### WHAT YOU SHOULD DO:
Look below for the line containing "Kitten langhaar mix"; from there, print each line exactly up to and including the line containing "成語(yǔ)中含有近義詞", and stop.

### Records from a dataset:
* * * * * * * * *
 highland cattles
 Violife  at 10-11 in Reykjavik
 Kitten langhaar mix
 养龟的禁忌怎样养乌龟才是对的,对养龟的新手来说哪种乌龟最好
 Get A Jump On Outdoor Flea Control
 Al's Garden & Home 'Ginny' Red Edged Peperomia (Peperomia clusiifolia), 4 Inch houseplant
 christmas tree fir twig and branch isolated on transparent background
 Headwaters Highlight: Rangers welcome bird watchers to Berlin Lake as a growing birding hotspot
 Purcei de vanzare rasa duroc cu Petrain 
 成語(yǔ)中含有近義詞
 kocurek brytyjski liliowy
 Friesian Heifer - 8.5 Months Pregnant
* * * * * * * * *
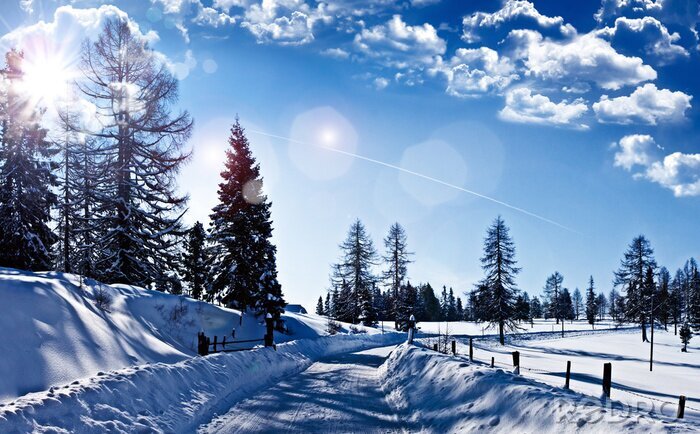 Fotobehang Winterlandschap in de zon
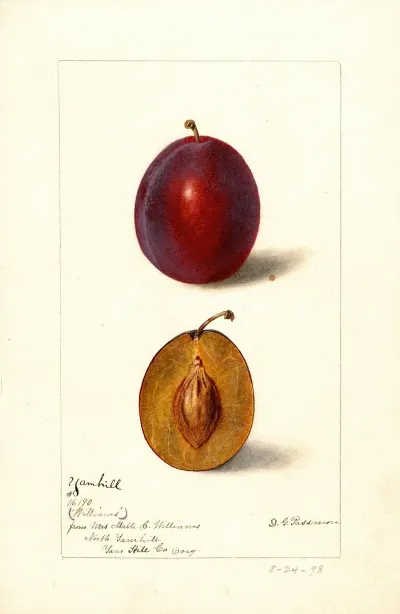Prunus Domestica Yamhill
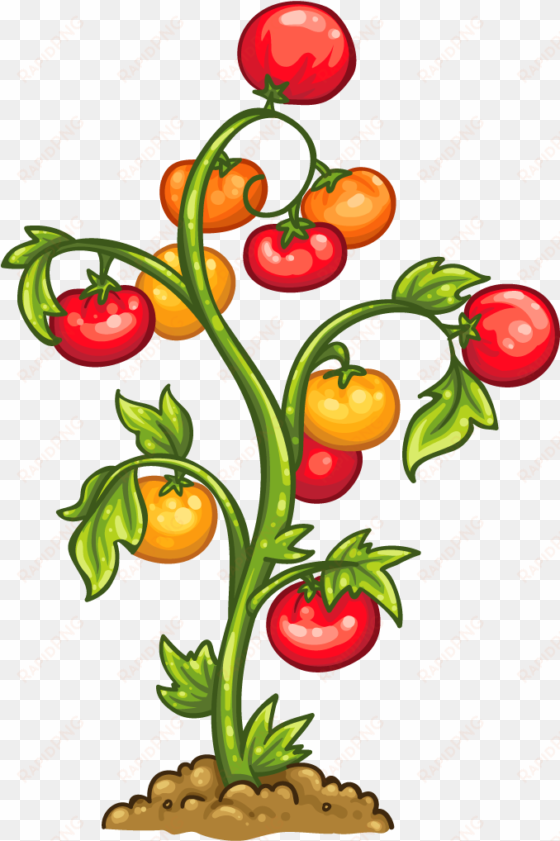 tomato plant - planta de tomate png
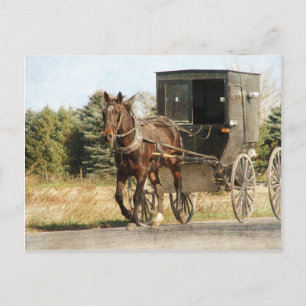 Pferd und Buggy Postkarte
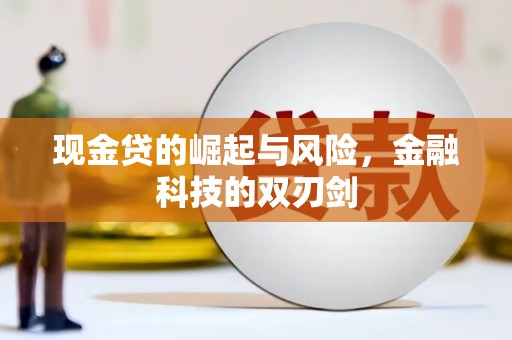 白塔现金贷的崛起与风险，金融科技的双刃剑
* * * * * * * * *
### TASK RESPONSE:
 Kitten langhaar mix
 养龟的禁忌怎样养乌龟才是对的,对养龟的新手来说哪种乌龟最好
 Get A Jump On Outdoor Flea Control
 Al's Garden & Home 'Ginny' Red Edged Peperomia (Peperomia clusiifolia), 4 Inch houseplant
 christmas tree fir twig and branch isolated on transparent background
 Headwaters Highlight: Rangers welcome bird watchers to Berlin Lake as a growing birding hotspot
 Purcei de vanzare rasa duroc cu Petrain 
 成語(yǔ)中含有近義詞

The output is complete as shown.